What you are asked to do: Take the entries below and reproduce exactly the portion that begins at the line containing "Construction worker hard" and ends at the line containing "Violent Female Cartoon Sign (Front/Back)", keeping both ends, dropping pictures, and adding nothing else.

Dataset content:
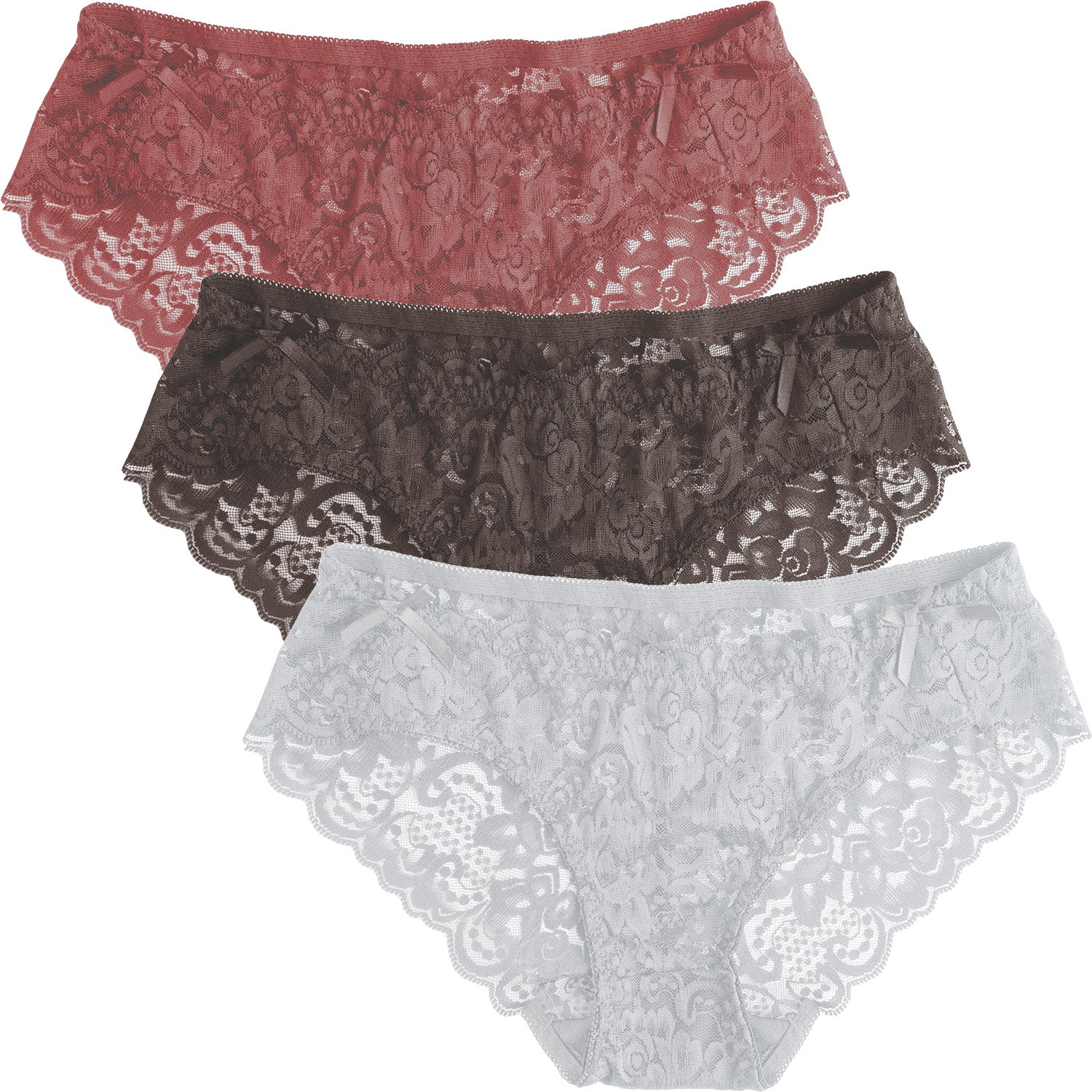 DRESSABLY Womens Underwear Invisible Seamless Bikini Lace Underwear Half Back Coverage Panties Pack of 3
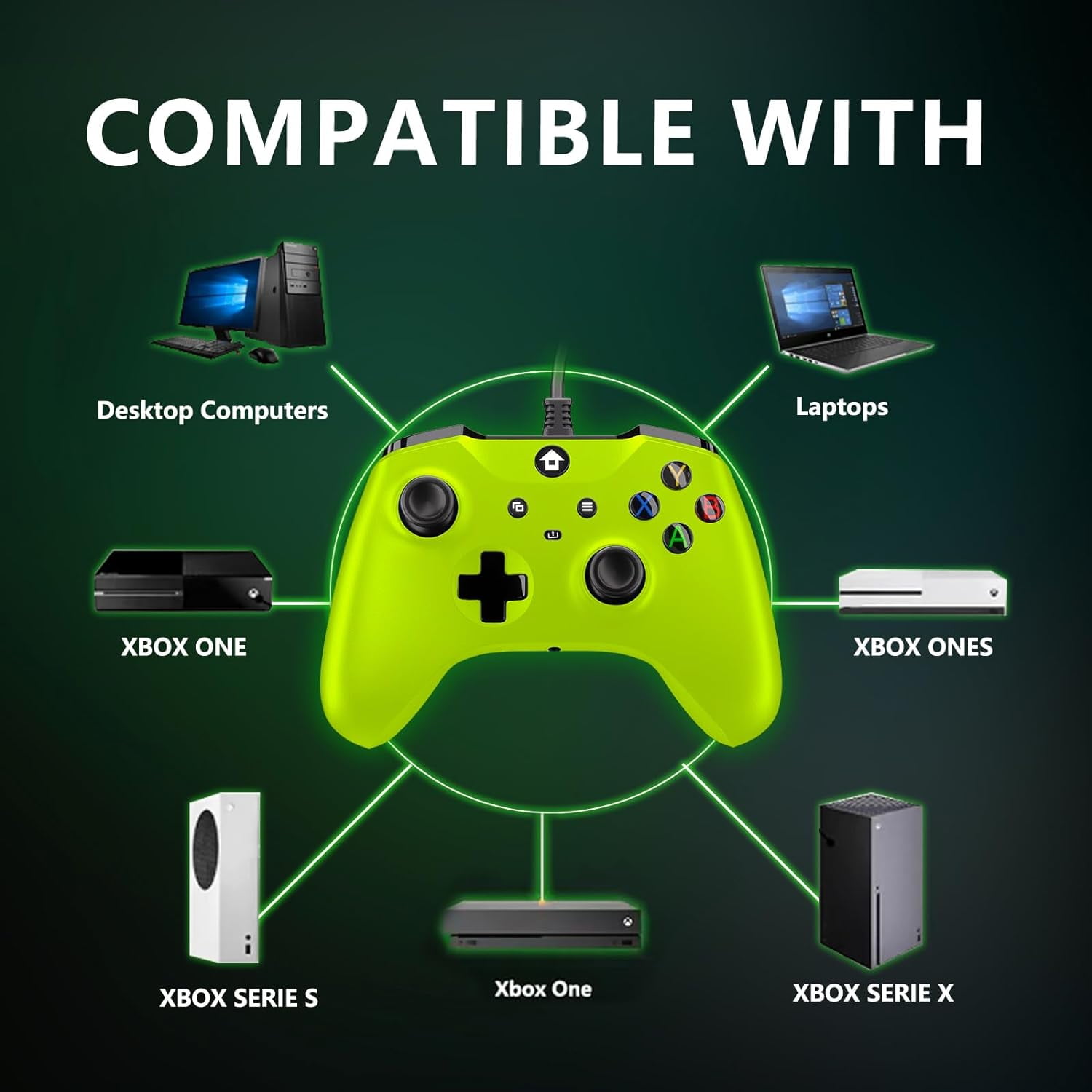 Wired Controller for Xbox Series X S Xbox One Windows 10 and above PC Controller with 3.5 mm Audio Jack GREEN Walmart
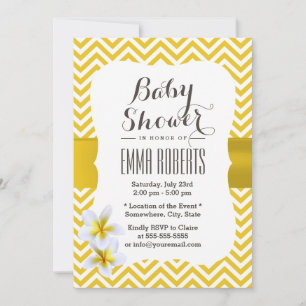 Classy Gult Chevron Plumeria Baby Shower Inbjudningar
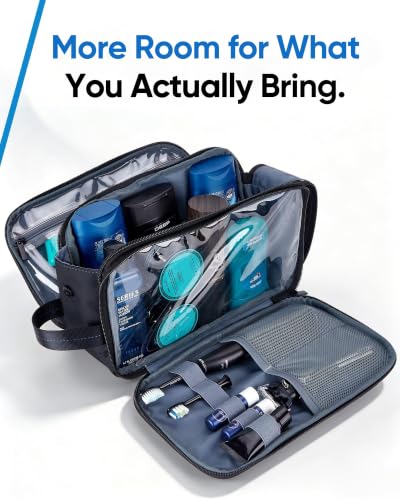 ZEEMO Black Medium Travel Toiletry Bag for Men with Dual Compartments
==
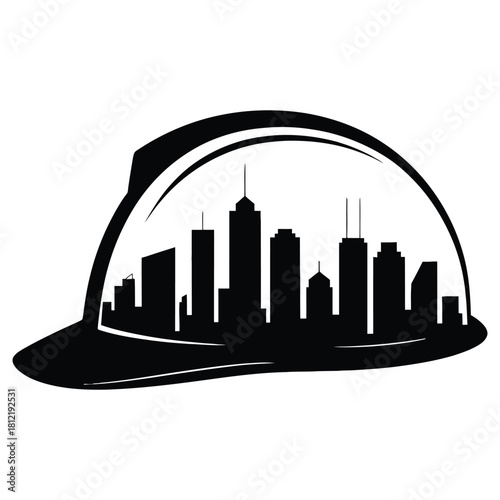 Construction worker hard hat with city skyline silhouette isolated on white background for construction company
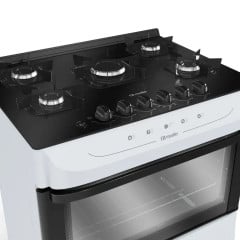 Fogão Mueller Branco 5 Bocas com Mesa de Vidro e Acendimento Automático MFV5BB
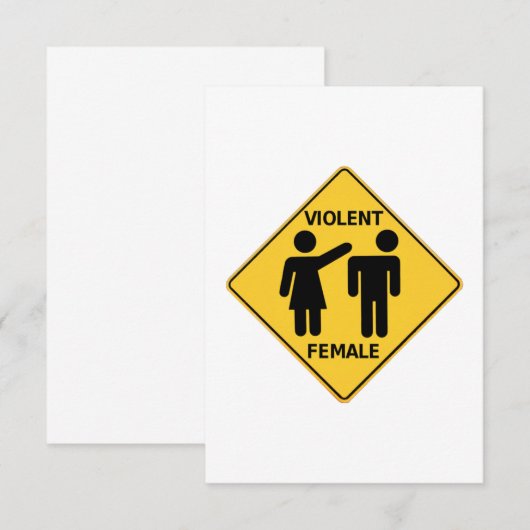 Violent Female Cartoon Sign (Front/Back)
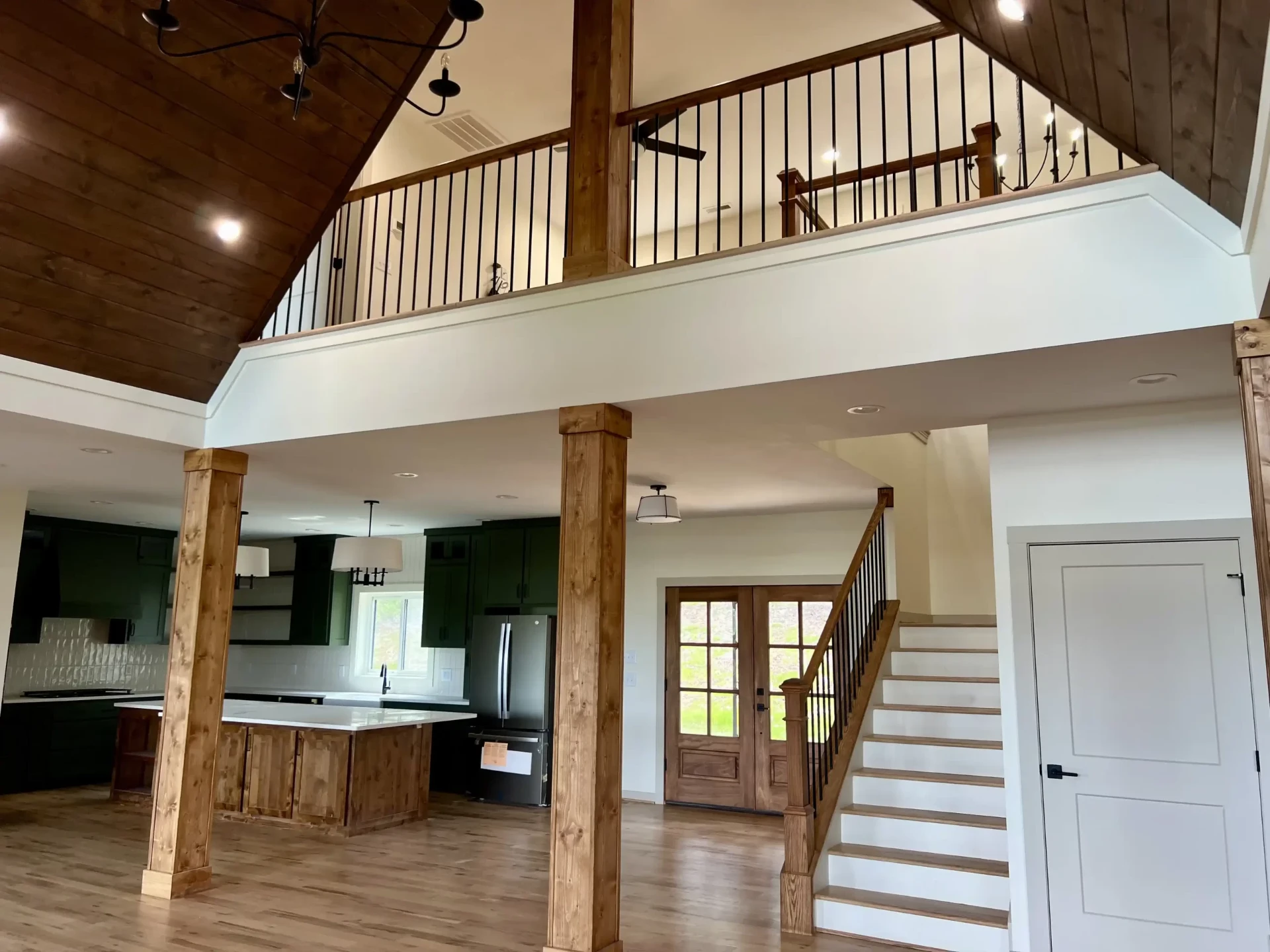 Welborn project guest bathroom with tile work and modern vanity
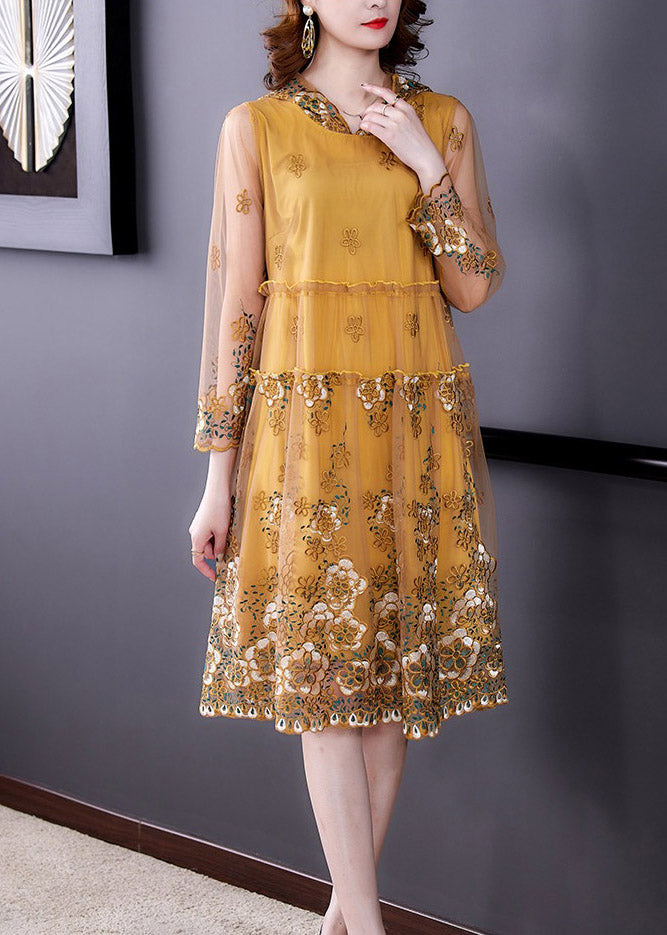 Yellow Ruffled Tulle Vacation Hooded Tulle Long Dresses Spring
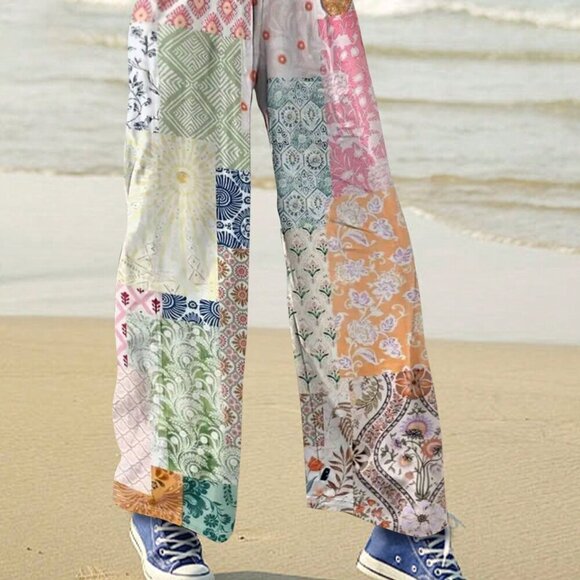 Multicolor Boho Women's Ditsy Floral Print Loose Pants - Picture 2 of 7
==
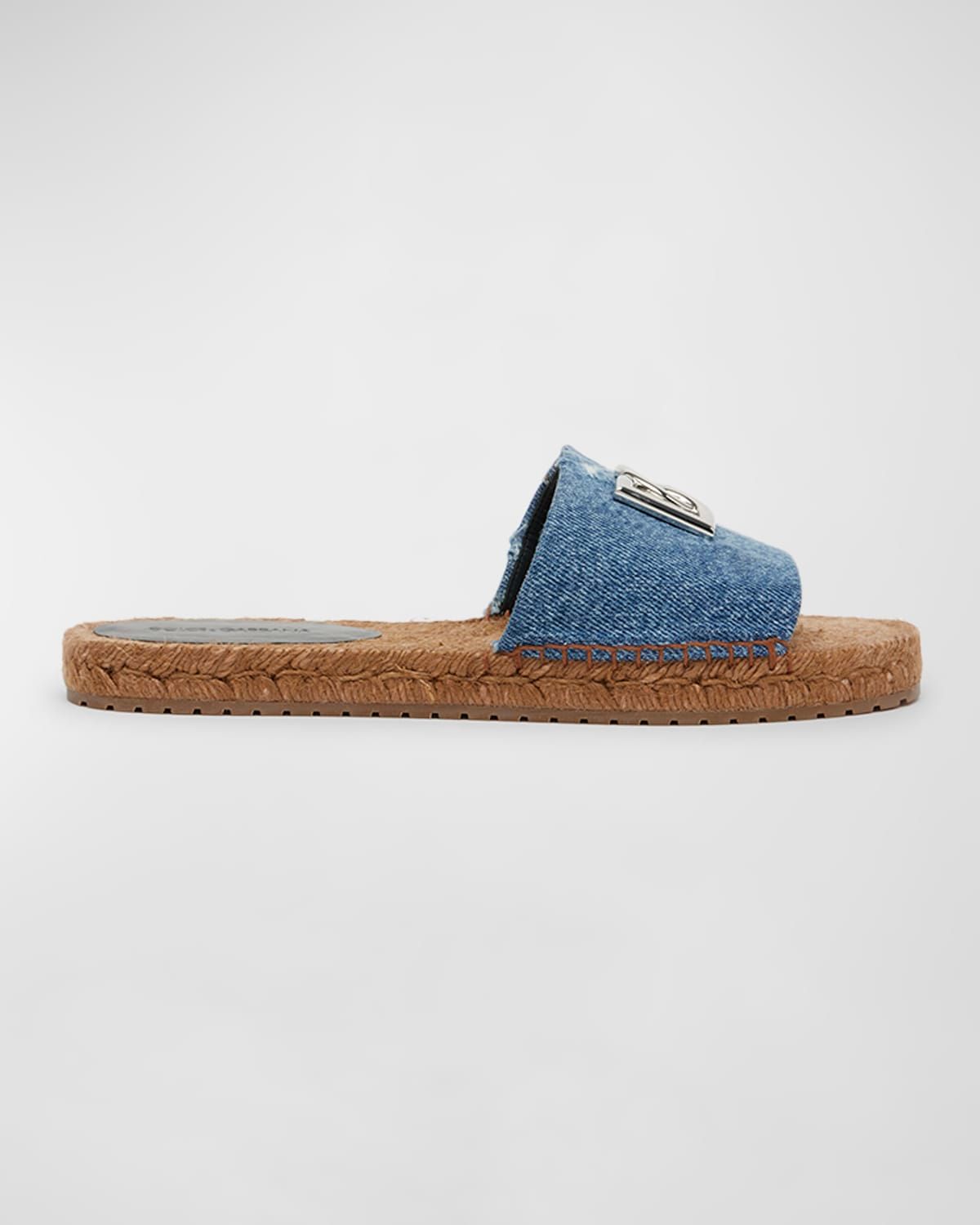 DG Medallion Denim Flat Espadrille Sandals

Answer to the problem:
 Construction worker hard hat with city skyline silhouette isolated on white background for construction company
 Fogão Mueller Branco 5 Bocas com Mesa de Vidro e Acendimento Automático MFV5BB
 Violent Female Cartoon Sign (Front/Back)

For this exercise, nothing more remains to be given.